_Activity_
Go through the records and set each one down exactly, skipping any picture.

[Text-to-region grounding data]

..............................

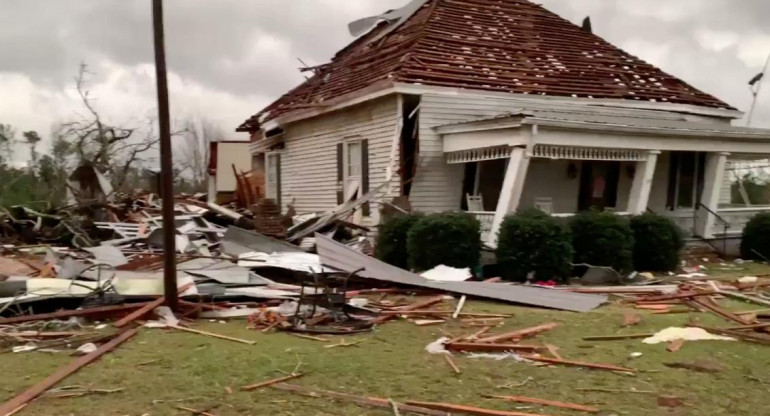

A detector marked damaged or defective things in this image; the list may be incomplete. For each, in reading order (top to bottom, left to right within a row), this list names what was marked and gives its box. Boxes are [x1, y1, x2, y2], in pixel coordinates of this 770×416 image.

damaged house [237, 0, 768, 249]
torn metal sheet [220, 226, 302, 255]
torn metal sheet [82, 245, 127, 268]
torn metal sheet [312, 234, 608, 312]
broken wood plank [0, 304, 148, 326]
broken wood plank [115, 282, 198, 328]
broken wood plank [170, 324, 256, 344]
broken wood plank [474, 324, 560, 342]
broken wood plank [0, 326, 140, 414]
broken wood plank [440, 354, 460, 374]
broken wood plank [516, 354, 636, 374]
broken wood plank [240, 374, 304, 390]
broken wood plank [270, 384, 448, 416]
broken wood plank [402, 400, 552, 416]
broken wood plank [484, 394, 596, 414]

..............................

_Output for this exercise_
A detector marked damaged or defective things in this image; the list may be incomplete. For each, in reading order (top to bottom, left to right within a row), this list names what was marked and gives its box. Boxes are [x1, y1, x2, y2], in pixel coordinates of this 770×416 image.

damaged house [237, 0, 768, 249]
torn metal sheet [220, 226, 302, 255]
torn metal sheet [82, 245, 127, 268]
torn metal sheet [312, 234, 608, 312]
broken wood plank [0, 304, 148, 326]
broken wood plank [115, 282, 198, 328]
broken wood plank [170, 324, 256, 344]
broken wood plank [474, 324, 560, 342]
broken wood plank [0, 326, 140, 414]
broken wood plank [440, 354, 460, 374]
broken wood plank [516, 354, 636, 374]
broken wood plank [240, 374, 304, 390]
broken wood plank [270, 384, 448, 416]
broken wood plank [402, 400, 552, 416]
broken wood plank [484, 394, 596, 414]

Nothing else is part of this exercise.